Task prompt:
From the listing below, set down exactly the lines between the one holding "14846 Stephens Road" and the one holding "ASUS ROG ZX50V", inclusive. No other line is wanted.
Start of Records shown
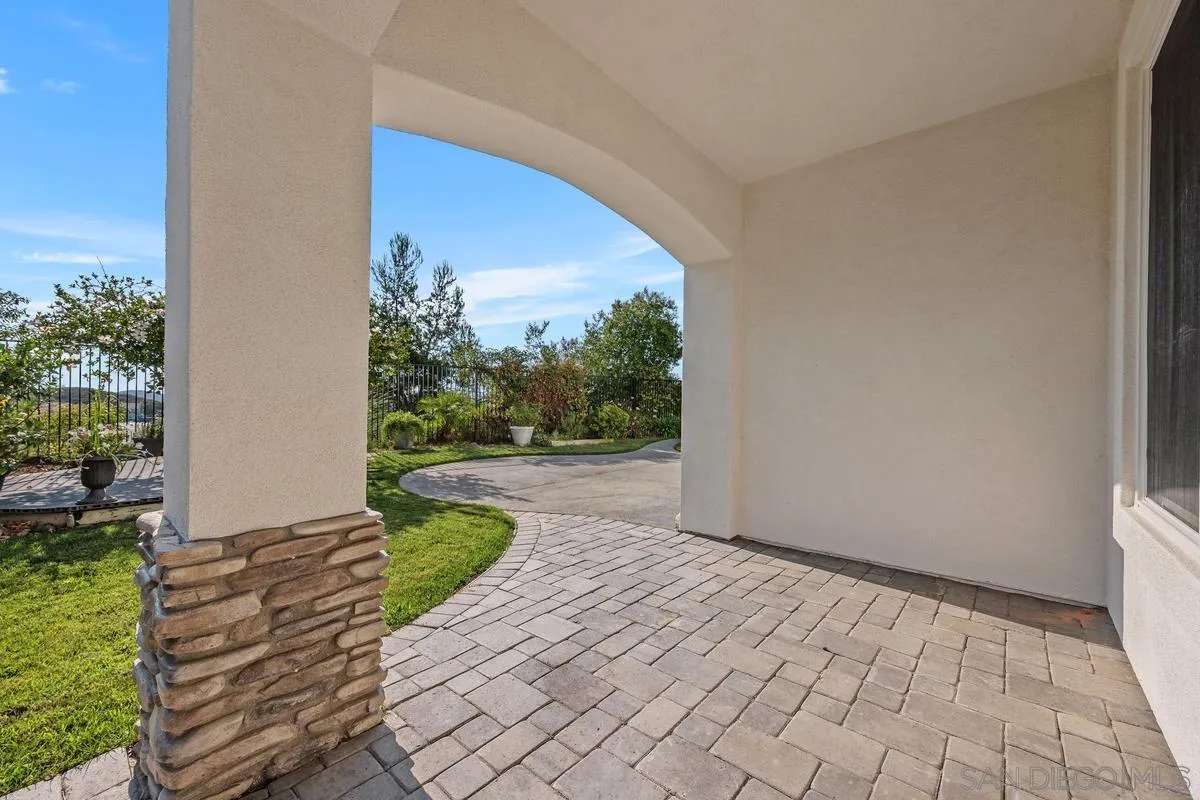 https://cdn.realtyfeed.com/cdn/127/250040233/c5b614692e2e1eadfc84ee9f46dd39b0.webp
End of Records shown
Start of Records shown
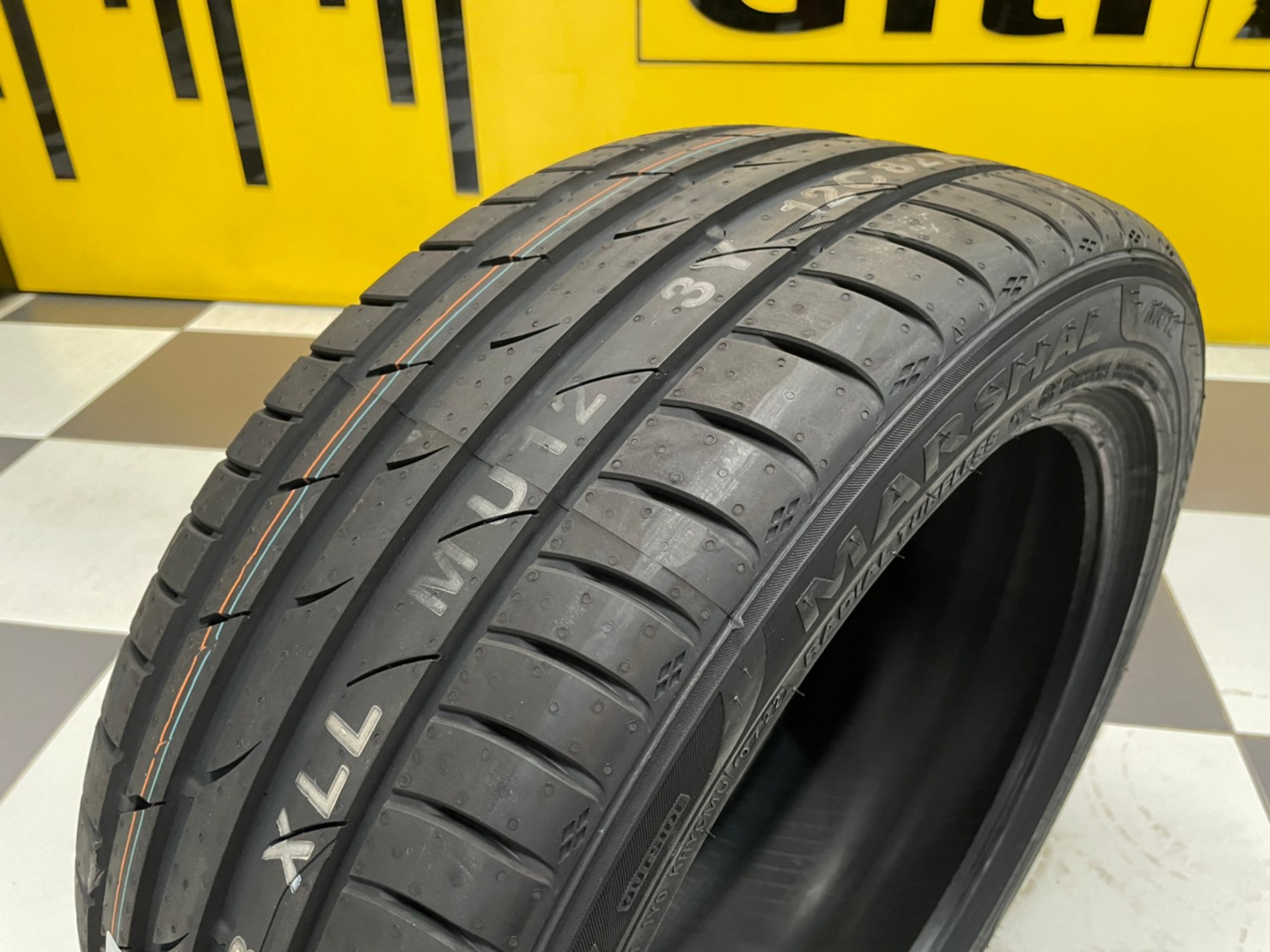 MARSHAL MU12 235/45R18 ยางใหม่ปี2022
End of Records shown
Start of Records shown
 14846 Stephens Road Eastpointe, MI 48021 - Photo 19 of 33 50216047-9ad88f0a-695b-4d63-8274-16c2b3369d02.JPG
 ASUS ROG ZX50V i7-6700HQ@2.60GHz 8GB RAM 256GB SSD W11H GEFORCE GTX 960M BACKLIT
End of Records shown
Solution for this task:
 14846 Stephens Road Eastpointe, MI 48021 - Photo 19 of 33 50216047-9ad88f0a-695b-4d63-8274-16c2b3369d02.JPG
 ASUS ROG ZX50V i7-6700HQ@2.60GHz 8GB RAM 256GB SSD W11H GEFORCE GTX 960M BACKLIT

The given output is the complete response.